International Sale of Goods
The Letter of Credit Transaction

  1. Glossary of terms

    1. RFQ – “Request For Quotation”

    2. Proforma Invoice (formal, comprehensive invoice)

      1. Includes cost per good, total cost (including shipping and shipment terms (e.g. CIF, FOB, etc . . .)), and payment terms (LOC, 30 days, etc)

    3. Shipment terms (published by ICC):

      1. FOB (Free On Board)

        1. Seller is obligated to have the goods packaged and ready for shipment from…

          1. place of shipment” S puts carrier in possession

            1. this is default (if contract just says FOB)

          2. place of destination” S must tender delivery in manner provided by the UCC.

          3. vessel”

            1. in addition to other duties, must actually put goods on board vessel

            2. vessel must be named

        2. always a non-negotiable bill of lading?

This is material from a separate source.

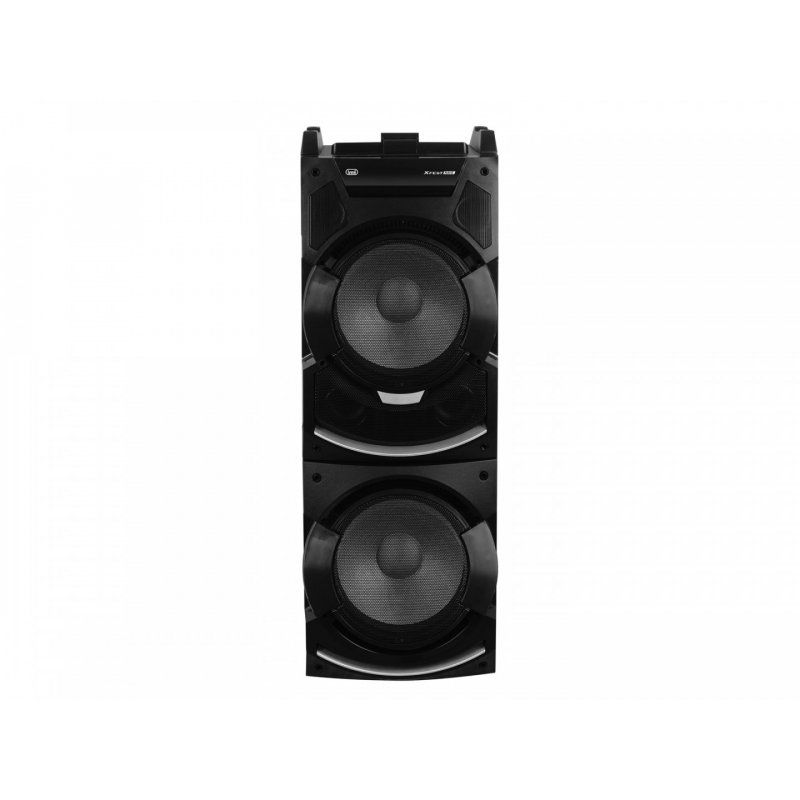 Trevi XF 4500 DJ Freestanding Public Address (PA) system 500 W Black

        3. Buyer covers insurance, figures out how goods shipped and from where

          1. Makes sense, this scheme puts buyer in most control, most responsibilities

        4. Payment due on delivery, which is typically on the vessel

      2. FAS (Free Along Side)

        1. S is responsible to deliver goods to “side” of vessel. Once loading begins, off the hook (unique to waterborn shipments)

      3. C&F (Cost and Freight)

        1. Seller pays for shipping, but not insurance

        2. Refers to delivery contract, not shipment

      4. CIF (Cost, Insurance and Freight)

        1. seller will bear the cost of shipping and insurance up to the designation

          1. IE all FOB stuff but also arranging all shipping and insurance to reach designation, perhaps not just a port

        2. typically seen as “CIF Bath, UK”

        3. MUST use an order (“negotiable”) BOL (find where this is in supplement)

          1. Buyer has total right to transfer his right to the goods

        4. BOL is equivalent to the goods

          1. Delivery of BOL can be treated as delivery of the goods

          2. Effectively no right of inspection

          3. Under UCC, you waive right to inspect when terms are payment against documents

        5. When must buyer pay?

          1. B1, INCOTERMS – based on the contract

          2. Payment term is usually “pay against documents”

          3. Usual rule is that bank gives buyer 3-5 days from when it gets the paper to pay them

PracAp: If seller given more duties (insurance, ect) he’s likely to pass that onto buyer. FOB is more common between parties who know/trust each other (parent/sub, ect).




    1. PO – “Purchase Order”

      1. Final order stating all relevant terms

      2. Will lead to battle of the forms if doesn’t match OA

    2. OA – “Order Acknowledgment”

    3. LoC – “Letter of Credit”

      1. Promise from Issuing Bank (buyer’s), drawn in favor of the beneficiary (seller), to pay to Seller’s Bank (SB), upon presentation of conforming documents

        1. usually includes a sight draft

    4. Sight Draft

      1. A “check-like” instrument ordering IB to pay Seller upon docs presentation.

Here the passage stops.